The task ▸
Exactly the lines below from the line with "Casa en Avenida Juan XXIII" through the line with "Bohowedding, Winterhochzeit, Brautpaarfotos" must make up the answer, both ends included and pictures left out.

======== Data shown

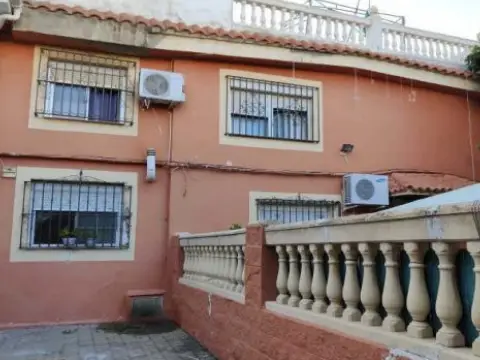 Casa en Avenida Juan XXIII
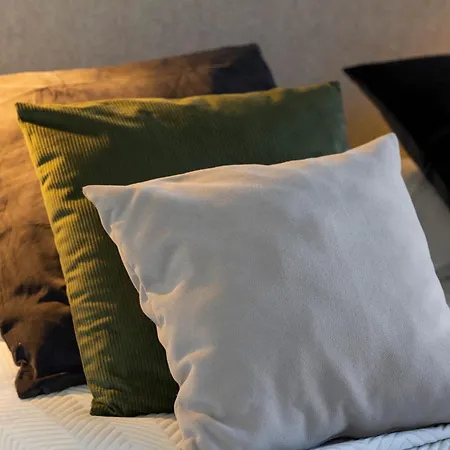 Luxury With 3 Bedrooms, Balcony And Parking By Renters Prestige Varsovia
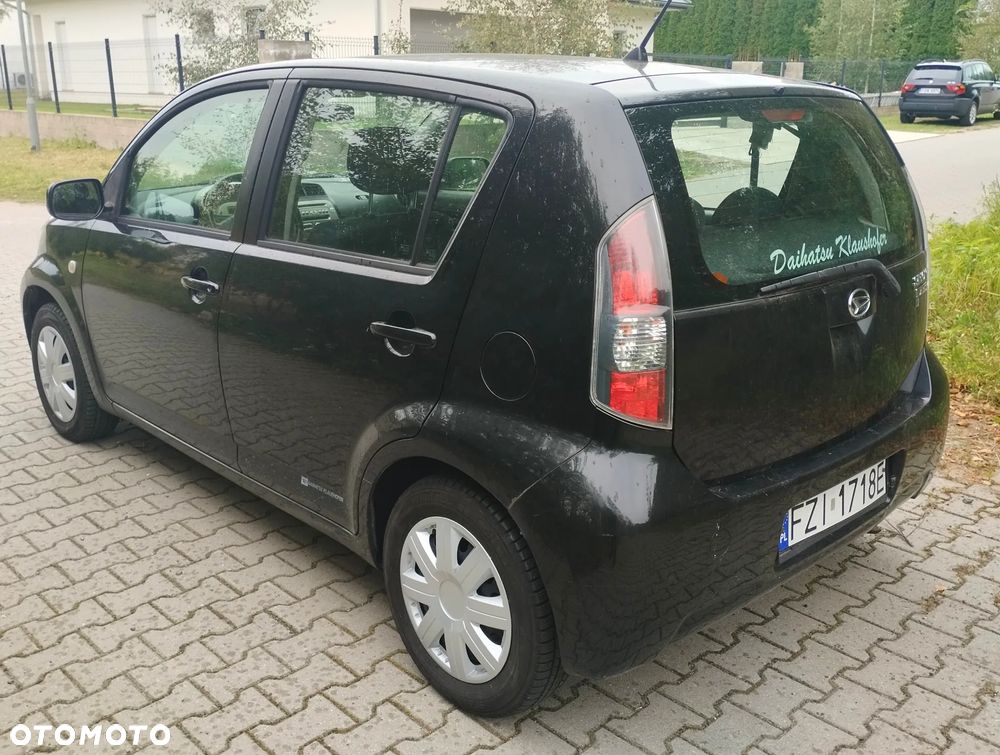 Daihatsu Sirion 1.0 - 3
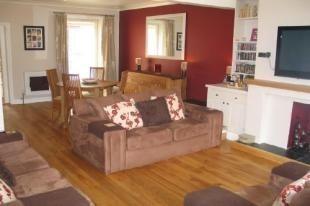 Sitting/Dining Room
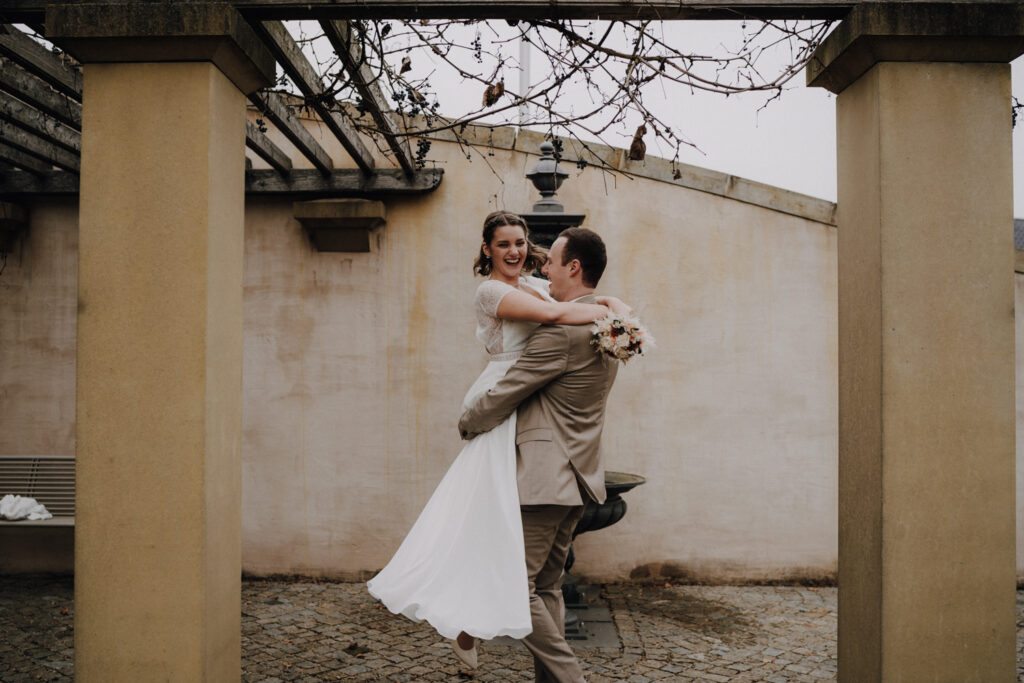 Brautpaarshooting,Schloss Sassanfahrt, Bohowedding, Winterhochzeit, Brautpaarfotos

================
======== Data shown

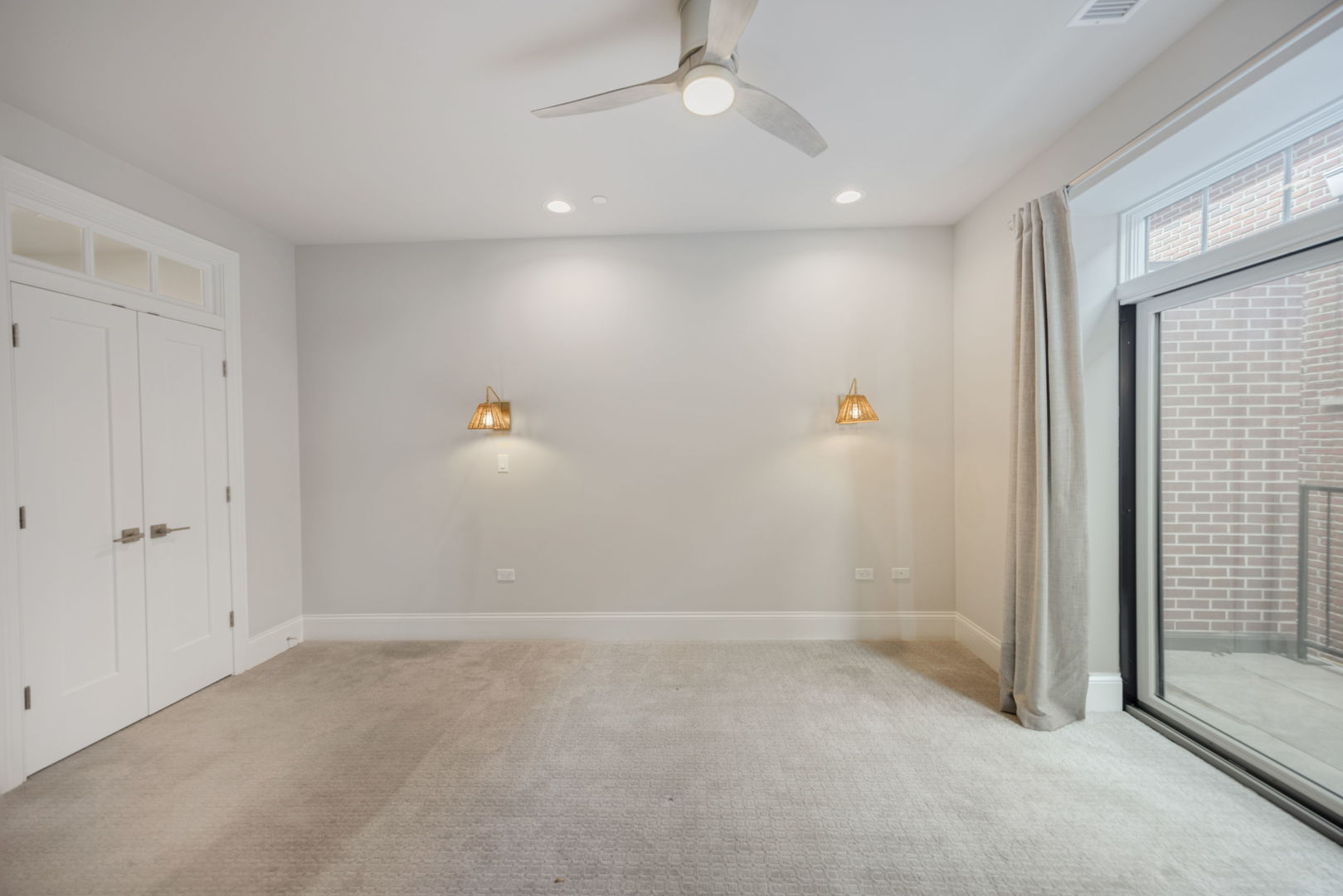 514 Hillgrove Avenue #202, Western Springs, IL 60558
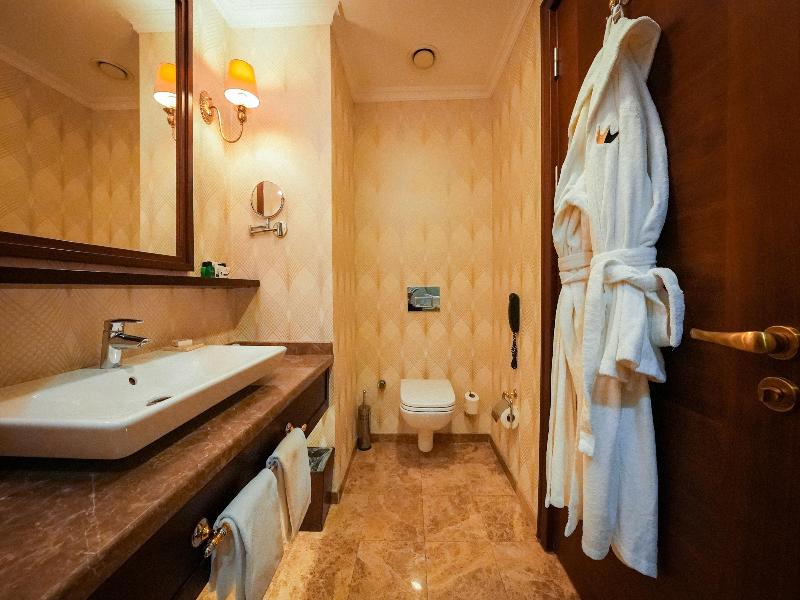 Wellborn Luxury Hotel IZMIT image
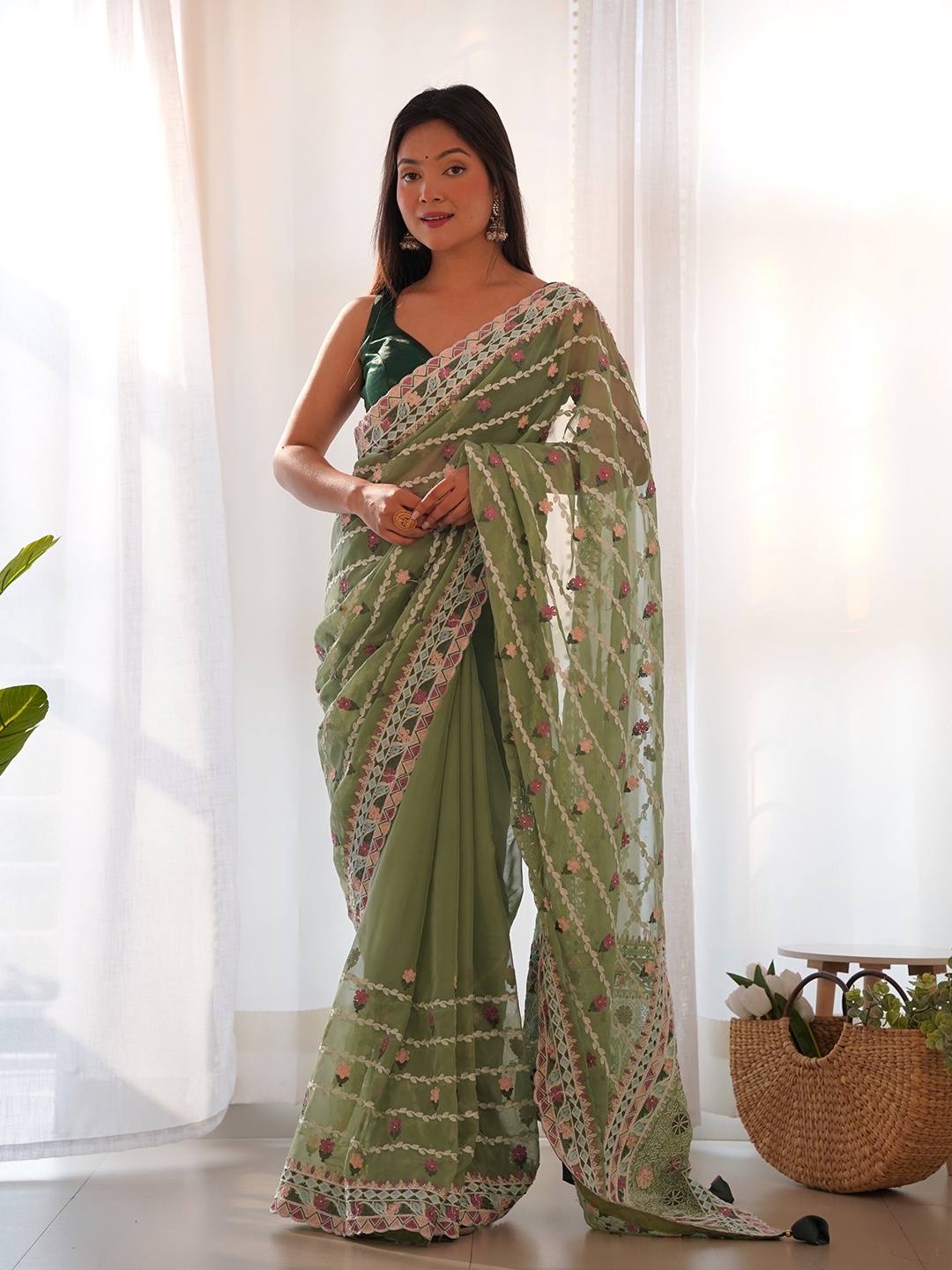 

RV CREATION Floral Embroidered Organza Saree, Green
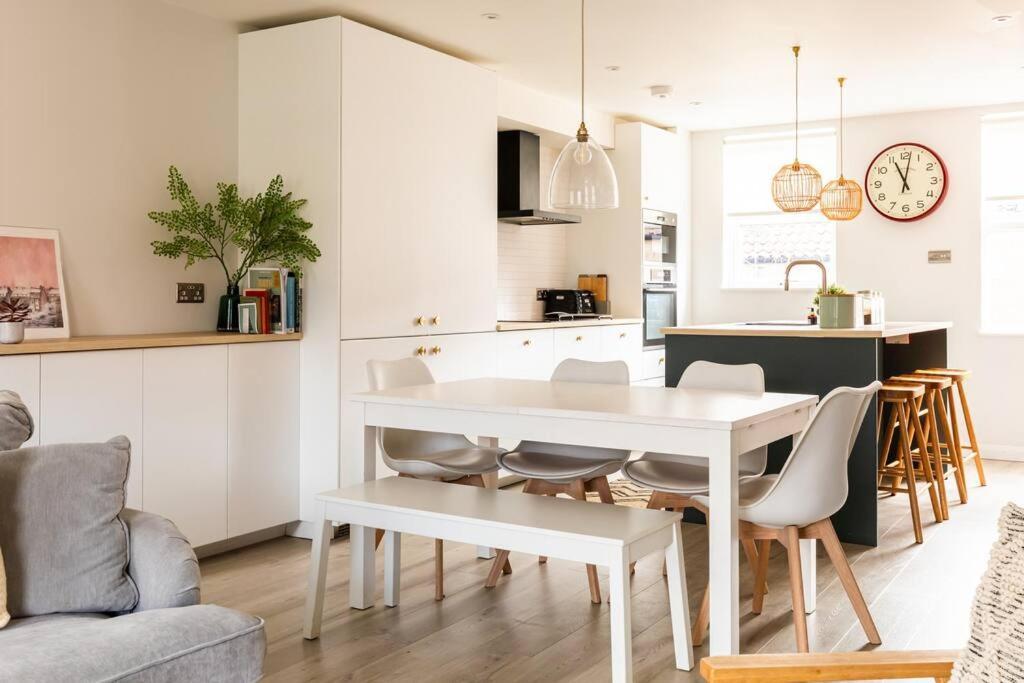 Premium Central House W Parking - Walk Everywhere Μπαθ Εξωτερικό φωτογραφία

================

Output of the exercise ▸
 Casa en Avenida Juan XXIII
 Luxury With 3 Bedrooms, Balcony And Parking By Renters Prestige Varsovia
 Daihatsu Sirion 1.0 - 3
 Sitting/Dining Room
 Brautpaarshooting,Schloss Sassanfahrt, Bohowedding, Winterhochzeit, Brautpaarfotos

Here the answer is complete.